Слава Україні! Support our Ukrainian friends..

A long, long time ago (to be exact – in February 2018) I prepared a Shiny app to explore the books of the most popular Project Gutenberg authors. The original app is still available (and bugged) via ShinyApps, and was inspired by this article. I first decided to port the unique words plot from Python to R, then utilised some readability scripts I’d written earlier, and all of a sudden it was all nice and Shiny. (ba-dum-tss) Also, it helped that I needed to create some kind of a project for my uni labs.

I recently digged back into the project due to my incessant interest in the concepts of readability tests and other measurable text features. I thought the app itself could use some improvements, and at least one of them could potentially be done without touching the existing codebase. Then there’s the issue with how to calculate the readability score – and stay sane.

### Dealing with the books galore

If you consider the “Books on this level” plot, there’s way too much data if you go for the B1 level:

This is due to the fact that there are way more books on the A2 - B2 levels than on any else or, putting it in the statistical lingo, the flesch.value vector data is skewed (left-skewed if you look at the flesch.value, and right-skewed if you consider the level). This becomes appearent when you group all the books by the level and count your chickens:

``````import numpy as np
import pandas as pd
import seaborn as sns
import matplotlib.pyplot as plt
%matplotlib inline
``````
``````book_list = pd.read_csv('book_list.csv', sep=',', header=0)
``````
``````sns.set(style="ticks")
``````
``````.dataframe tbody tr th {
vertical-align: top;
}

.dataframe thead th {
text-align: right;
}
``````

``````book_list.groupby('level').size()
``````
``````level
A1     14
A2    155
B1    187
B2     90
C1     22
C2     10
dtype: int64
``````

Another thing that becomes apparent when you plot the flesch.value (click for more info on that) against the average.goodreads.rating (pulled from the Goodreads API) is that it’s also left-skewed (right-skewed on the plot below because of the nature of the Y axis).

``````sns.jointplot(x='flesch.value',y='average.goodreads.rating',data=book_list,kind='hex')
``````
``````<seaborn.axisgrid.JointGrid at 0x7fd0b6787860>
``````

What I get from this is that, essentially, the rating may be a useless metric (“every product and business on earth is assigned a numerical rating from 1 to 5 on some site, but everything ends up at 3.7 +/- 0.1, so it means nothing, but we just keep doing it because our first goal is quantification as such, accuracy and precision be damned” to quote Gary Bernhardt).
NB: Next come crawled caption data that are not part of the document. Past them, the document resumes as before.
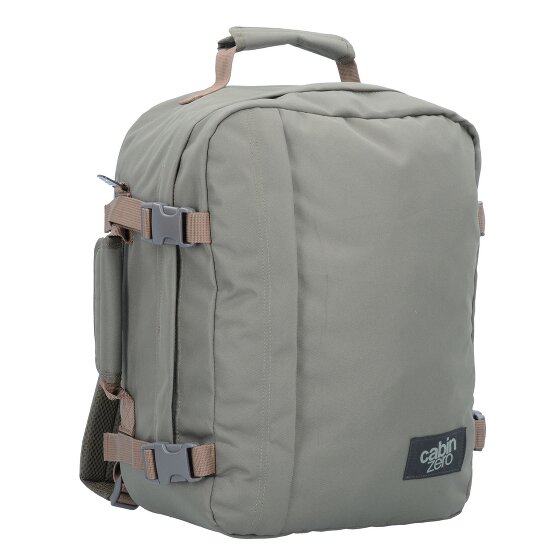 Cabin Zero Adventure 59 Daypack 39 cm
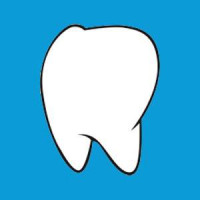 Champaign Dental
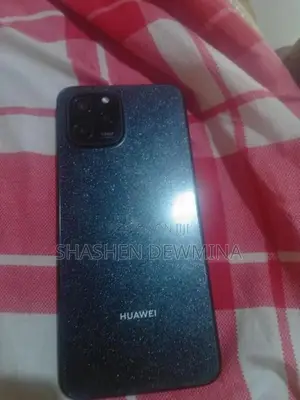 Huawei Nova Y61 (Used)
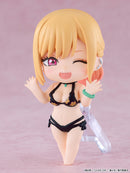 My Dress-Up Darling Nendoroid Surprise Marin Kitagawa Collection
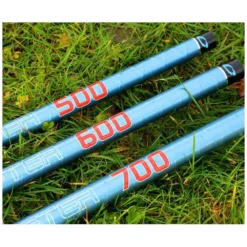 Cresta Hurricane Speedlifter 700 Put-In Pole Rod -Penn Daiwa Shop cresta hurricane speedlifter 700 put in pole rod 3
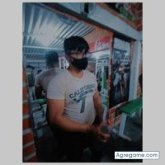 Ver fotos más de josedavid1422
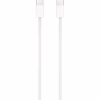 Дата кабель USB-C to USB-C 1.0m 60W Charge Cable Model A2795 Apple (MW493ZM/A) - Image 2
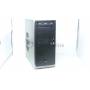 dstockmicro.com Antec assembly Intel® Pentium® E6700 processor SSD 128GB 4GB DDR3 Win 7 Pro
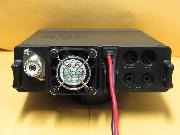 tm-v71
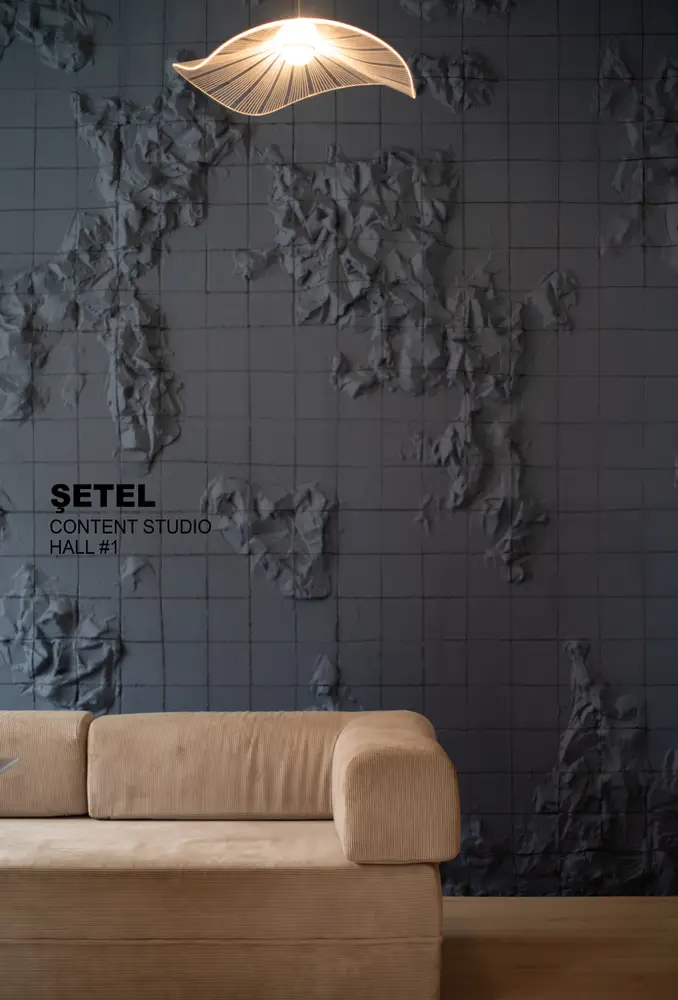Şetel photo 4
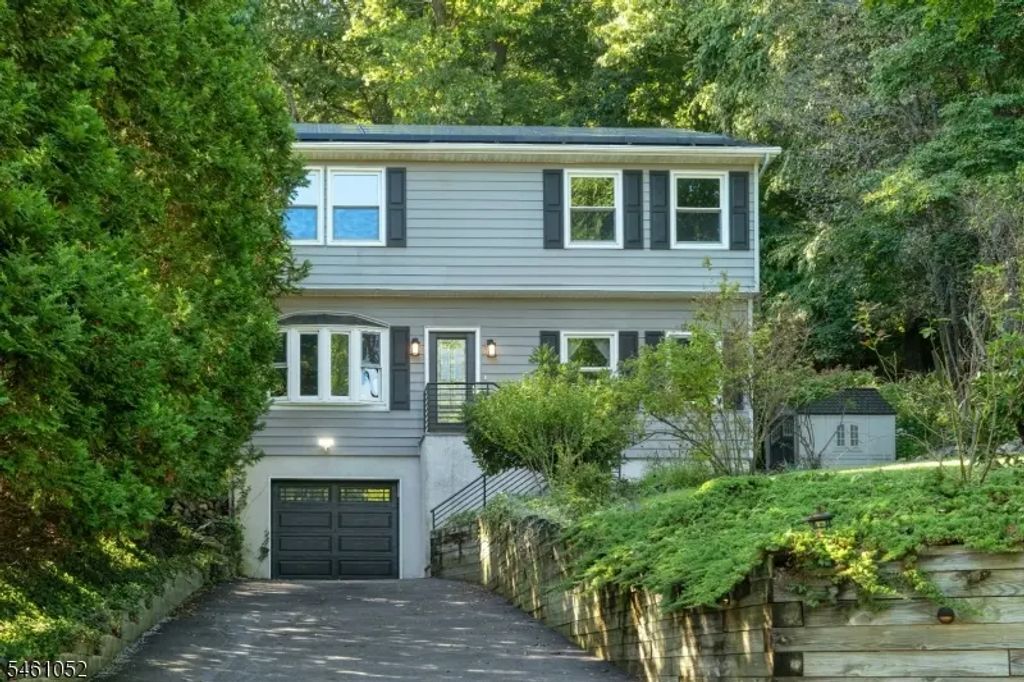 233 Mount Hope Ave, Rockaway Twp.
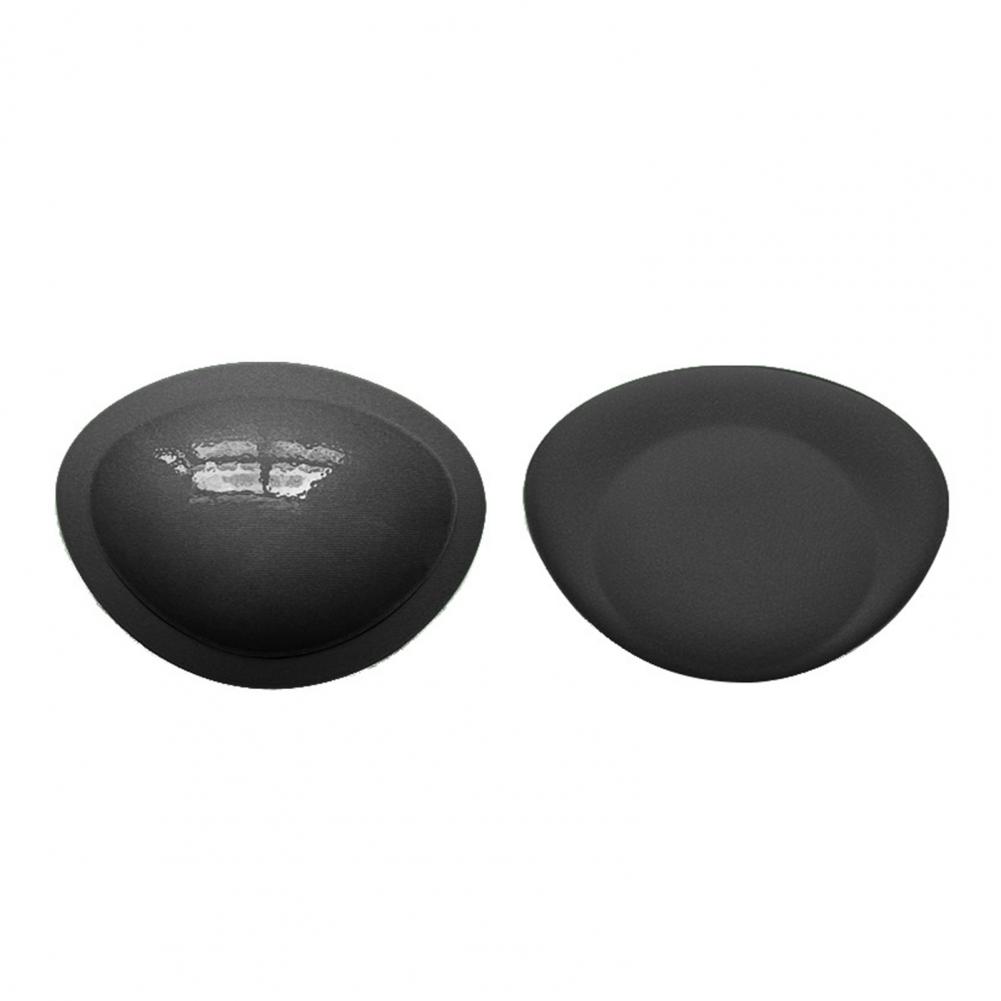 4cm Thick Bra Pads Insert Reus - Push Up Bra Silicone review and price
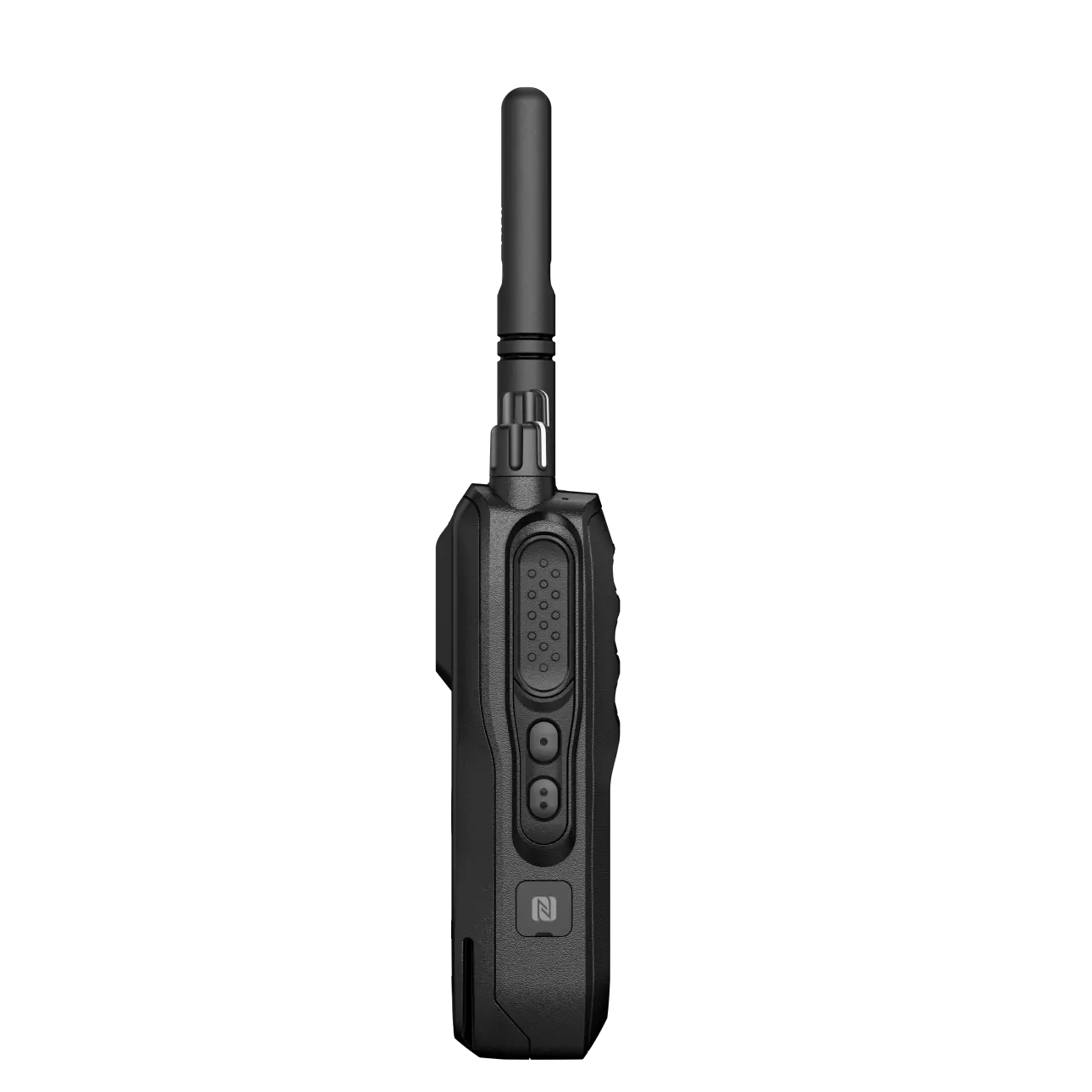 Radio bidirectionnelle numérique portable MOTOTRBO R5
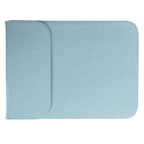For MacBook, Samsung, Xiaomi, Lenovo, Sony, DELL, ASUS, HP, 11.6 inch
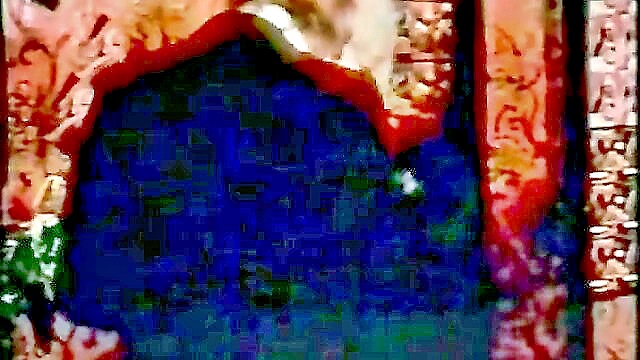 cabaret, vintage, german - vintage german tabu cabaret porn x videos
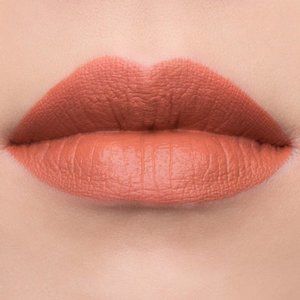ALLEGEDLY -- brand new Jeffree Star liquid lip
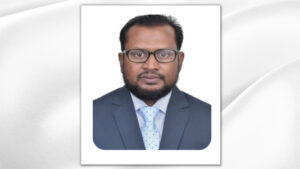 ސައުދު ހުސެއިން ބަލިކޮށް ވިލިގިލި ދާއިރާގެ ގޮނޑި ކާމިޔާބު ކުރެއްވީ މިނިވަން ކެނޑިޑޭޓް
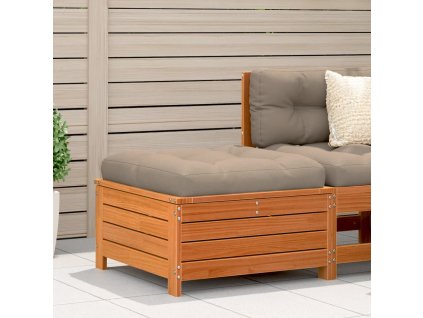 8721012463561 m en hd 1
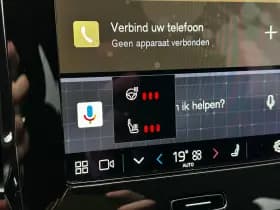 Volvo XC40 thumbnail 9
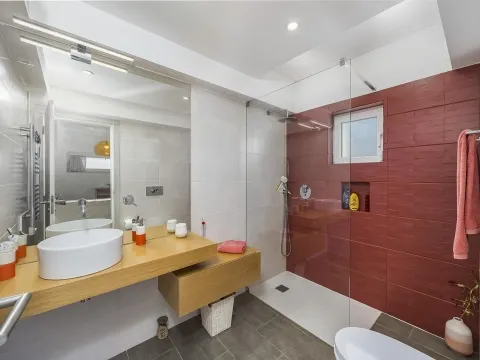 Villa T3 isolée près de Vilamoura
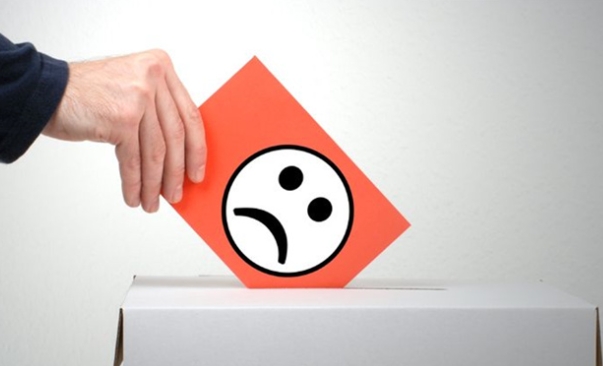 亚马逊中差评管理真的只能“听天由命”吗？卖家可控的移除技巧与风险边界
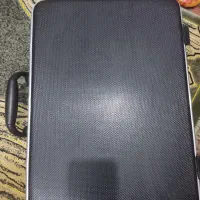 کیف سامسونت دیپلمات نو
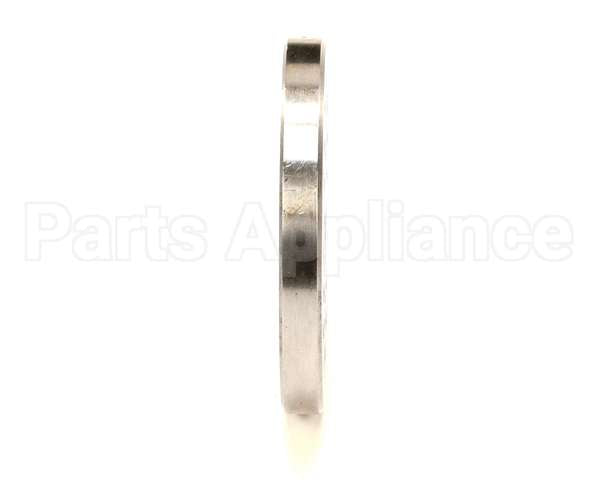 L00480 Globe Chooper Plate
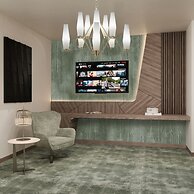 HOTEL VIA VENETO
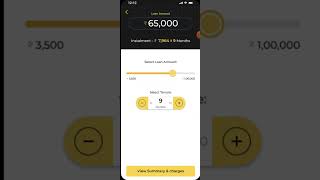 Best Loan App  Loan App Fast Approval  Personal Loan App  Instant Loan App [upl. by Swart]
But I promised to myself not to dwell on the past and so I’m not changing the logic of the app, and I shall just pick fewer books for each grade level to make it look nicer on the actual plot. Also, these are the cream of the crop volumes, so maybe they’re just really good on average? Or maybe people are afraid to rate them too low?

But how do I pick only some of the books in such a way that I get a sample of each readability level (and Goodreads rating)? Given the plot above, there are some really hot regions (think 3.7 stars, 78 on the Flesch-Kincaid scale) but the rest could potentially stay as it is. As this is more for the demonstration purposes and not some actual sample-sized statistical research, the simplest way would be to first bucket the books in an even more fine manner (90-88 flesch.value, 88-86 flesch.value, and so on) and then from each such bucket, if there is more than one book, choose on the basis of their Goodreads rating (how varied it is).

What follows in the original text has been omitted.